Regia di Jacques Audiard. Con Tahar Rahim, Niels Arestrup, Adel Bencherif
Drammatico,150 min. - Francia, Italia 2009



Storia del diciannovenne Malik El Djebana (Tahar Rahim) , condannato a 6 anni di carcere, per un crimine che non c'è dato sapere. Dai primi mesi travagliati, in solitudine e in debolezza, all'iniziazione da parte di mafiosi corsi, anch'essi detenuti, che lo costringeranno a uccidere un altro prigioniero. La progressiva ascesa nei ranghi della cosca sotterranea, la scuola dove impara a leggere e scrivere, le pericolose missioni durante i permessi premio per buona condotta. Entrato con qualche spicciolo, con stracci come abiti, senza alcun interessato a fargli visita, uscirà dalla casa di pena completamente “riformato”.

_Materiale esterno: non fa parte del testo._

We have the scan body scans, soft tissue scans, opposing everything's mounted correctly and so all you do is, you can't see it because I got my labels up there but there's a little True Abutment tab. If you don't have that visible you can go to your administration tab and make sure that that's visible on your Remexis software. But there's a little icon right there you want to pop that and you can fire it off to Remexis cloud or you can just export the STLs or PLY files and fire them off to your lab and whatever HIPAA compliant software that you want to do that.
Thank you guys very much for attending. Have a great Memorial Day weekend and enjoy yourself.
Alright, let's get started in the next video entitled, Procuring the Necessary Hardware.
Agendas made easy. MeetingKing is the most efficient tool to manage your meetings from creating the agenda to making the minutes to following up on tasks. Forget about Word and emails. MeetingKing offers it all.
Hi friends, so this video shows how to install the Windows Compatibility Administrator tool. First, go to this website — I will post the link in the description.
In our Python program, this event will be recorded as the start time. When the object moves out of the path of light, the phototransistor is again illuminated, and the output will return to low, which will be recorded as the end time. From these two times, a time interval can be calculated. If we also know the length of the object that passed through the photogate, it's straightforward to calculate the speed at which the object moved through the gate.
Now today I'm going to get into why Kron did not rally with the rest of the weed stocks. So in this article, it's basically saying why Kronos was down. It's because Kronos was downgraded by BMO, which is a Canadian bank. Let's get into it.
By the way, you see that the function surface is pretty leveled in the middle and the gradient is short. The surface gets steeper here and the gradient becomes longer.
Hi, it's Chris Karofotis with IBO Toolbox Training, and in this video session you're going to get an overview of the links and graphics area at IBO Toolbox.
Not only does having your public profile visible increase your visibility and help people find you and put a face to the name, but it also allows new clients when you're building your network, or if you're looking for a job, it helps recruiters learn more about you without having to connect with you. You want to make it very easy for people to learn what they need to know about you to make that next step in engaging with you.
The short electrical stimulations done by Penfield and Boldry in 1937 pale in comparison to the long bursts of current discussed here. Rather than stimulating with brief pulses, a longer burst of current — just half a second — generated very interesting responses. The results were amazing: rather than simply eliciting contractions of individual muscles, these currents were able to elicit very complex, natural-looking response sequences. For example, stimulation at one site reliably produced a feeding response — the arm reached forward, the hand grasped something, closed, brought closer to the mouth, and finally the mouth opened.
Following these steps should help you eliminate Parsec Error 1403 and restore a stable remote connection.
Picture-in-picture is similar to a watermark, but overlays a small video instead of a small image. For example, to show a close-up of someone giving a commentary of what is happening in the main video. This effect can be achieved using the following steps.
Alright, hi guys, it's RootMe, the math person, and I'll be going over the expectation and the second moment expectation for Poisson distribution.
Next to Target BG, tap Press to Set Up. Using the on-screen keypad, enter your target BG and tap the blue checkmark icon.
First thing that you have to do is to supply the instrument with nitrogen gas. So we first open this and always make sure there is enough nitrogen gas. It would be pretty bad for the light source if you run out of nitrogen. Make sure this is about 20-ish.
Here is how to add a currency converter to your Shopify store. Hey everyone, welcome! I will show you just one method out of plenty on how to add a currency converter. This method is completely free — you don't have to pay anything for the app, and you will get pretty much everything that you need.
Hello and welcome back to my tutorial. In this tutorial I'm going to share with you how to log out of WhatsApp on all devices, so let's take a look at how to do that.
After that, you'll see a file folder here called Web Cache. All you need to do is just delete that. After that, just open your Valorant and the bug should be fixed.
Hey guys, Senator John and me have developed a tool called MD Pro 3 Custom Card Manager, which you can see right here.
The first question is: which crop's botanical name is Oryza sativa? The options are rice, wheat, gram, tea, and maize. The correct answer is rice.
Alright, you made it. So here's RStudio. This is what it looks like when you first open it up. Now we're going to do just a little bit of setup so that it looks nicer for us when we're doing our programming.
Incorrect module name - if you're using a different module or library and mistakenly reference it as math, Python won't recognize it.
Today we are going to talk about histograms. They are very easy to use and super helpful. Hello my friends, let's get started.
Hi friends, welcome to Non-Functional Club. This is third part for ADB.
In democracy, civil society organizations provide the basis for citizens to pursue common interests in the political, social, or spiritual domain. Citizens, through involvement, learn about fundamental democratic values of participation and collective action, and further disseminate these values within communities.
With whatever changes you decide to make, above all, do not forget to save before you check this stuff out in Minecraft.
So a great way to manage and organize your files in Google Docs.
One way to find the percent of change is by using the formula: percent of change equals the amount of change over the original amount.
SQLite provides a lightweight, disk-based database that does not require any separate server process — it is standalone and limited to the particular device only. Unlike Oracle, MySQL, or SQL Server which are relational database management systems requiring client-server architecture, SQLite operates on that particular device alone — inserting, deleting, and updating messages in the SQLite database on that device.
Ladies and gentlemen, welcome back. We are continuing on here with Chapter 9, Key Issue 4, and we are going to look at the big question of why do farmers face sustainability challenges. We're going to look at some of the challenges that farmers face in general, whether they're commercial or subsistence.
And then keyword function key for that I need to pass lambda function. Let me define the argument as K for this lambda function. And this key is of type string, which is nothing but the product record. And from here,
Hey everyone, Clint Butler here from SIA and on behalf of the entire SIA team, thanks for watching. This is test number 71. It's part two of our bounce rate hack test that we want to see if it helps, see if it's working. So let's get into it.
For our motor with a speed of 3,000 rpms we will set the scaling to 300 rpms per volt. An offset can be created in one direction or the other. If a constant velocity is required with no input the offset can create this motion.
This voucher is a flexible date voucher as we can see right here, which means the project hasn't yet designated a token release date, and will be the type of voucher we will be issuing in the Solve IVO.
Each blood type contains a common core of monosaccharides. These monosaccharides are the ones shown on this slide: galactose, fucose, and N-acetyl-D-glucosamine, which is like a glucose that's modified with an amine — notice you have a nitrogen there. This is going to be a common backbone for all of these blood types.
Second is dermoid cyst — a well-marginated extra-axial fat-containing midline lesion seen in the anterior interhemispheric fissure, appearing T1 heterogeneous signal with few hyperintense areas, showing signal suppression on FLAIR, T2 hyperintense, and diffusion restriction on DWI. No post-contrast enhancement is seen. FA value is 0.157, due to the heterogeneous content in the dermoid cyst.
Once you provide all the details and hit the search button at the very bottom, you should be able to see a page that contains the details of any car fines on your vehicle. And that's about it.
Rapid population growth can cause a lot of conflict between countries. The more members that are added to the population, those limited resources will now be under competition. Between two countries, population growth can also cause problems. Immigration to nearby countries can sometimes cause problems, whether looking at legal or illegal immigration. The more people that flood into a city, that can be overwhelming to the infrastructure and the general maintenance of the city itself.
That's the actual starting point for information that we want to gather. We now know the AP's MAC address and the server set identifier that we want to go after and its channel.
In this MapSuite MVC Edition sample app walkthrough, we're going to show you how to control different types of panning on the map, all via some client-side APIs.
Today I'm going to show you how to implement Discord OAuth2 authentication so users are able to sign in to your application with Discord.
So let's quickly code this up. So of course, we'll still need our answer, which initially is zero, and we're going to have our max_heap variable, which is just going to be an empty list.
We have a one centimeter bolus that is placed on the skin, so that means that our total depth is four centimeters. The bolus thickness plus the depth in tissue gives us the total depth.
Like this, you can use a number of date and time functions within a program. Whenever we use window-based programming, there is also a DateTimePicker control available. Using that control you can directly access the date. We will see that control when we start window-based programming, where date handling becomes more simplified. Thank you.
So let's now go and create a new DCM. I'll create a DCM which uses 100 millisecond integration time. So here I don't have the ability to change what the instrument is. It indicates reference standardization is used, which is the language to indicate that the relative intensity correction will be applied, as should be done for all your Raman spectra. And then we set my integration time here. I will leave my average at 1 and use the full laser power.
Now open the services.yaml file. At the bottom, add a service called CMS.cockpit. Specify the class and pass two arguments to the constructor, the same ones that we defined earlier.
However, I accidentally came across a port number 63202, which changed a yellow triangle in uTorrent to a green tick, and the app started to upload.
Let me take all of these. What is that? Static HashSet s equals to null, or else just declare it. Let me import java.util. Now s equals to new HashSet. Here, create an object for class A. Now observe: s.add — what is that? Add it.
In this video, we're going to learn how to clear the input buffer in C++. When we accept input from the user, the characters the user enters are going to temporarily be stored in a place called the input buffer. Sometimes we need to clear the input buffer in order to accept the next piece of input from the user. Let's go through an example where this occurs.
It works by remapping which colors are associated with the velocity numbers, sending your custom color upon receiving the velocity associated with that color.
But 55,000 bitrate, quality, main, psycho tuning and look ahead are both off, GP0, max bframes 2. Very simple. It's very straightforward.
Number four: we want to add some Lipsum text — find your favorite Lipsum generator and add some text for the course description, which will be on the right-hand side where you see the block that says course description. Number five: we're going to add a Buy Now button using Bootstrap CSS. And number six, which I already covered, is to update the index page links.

“Il profeta” parte da una gelida critica al sistema carcerario, stando ben attento a non strizzare troppo l'occhio ai facili espedienti del genere, per raccontarci la storia della formazione del giovane Malik. E che formazione. Jacques Audiard vuole raccontare come, in gattabuia, al di là delle scuole comprensive interne, dove si lavora con quaderno e penna, la materia che meglio si apprende è quella criminale. In effetti, la vita del giovane detenuto si evolve a doppio binario: da una parte, sul binario “buono”, Malik impara l'alfabeto, conosce il significato dell'amicizia, saggia l'emozione del primo volo d'aereo; dall'altro, sul binario “cattivo”, Malik ha a che fare con traffici di sostanze stupefacenti, pistole, omicidi. Ed è proprio il secondo binario, come bene s'intuisce nella scena finale, ad avere la meglio, in un simile, subdolo, contesto. L'aspetto che più colpisce è probabilmente la lucida spietatezza con la quale i meccanismi malavitosi si svolgono. Lucidissima, perché Audiard, forse aiutato anche da conversazioni che si alternano in 3 lingue diverse e garantiscono una tenuta forte con la realtà, adotta quasi un approccio documentaristico all'argomento. Marsigliesi, regolamenti di conti, mandate di droga da Marbella: siamo di fronte a uno spaccato della criminalità odierna. Con, comunque, qualche concessione più cinematografica: le conversazioni con un fantasma in cella, le azzeccate rappresentazioni oniriche (quasi in stile surrealista), una sparatoria all'americana. Stesso discorso per quanto riguarda il montaggio: una ferrea linearità, fatta tra l'altro di bei primi piani, rotta a sprazzi da un intercalare più pulp. A ben vedere, l'unico vero rimprovero che si può muovere al regista, è quello di mischiare un po' troppo le carte del mazzo, nelle due ore e mezzo di film, correndo il rischio di disorientare lo spettatore. Un formato più smart, avrebbe reso i suoi significati (ancor) più diretti al cuore.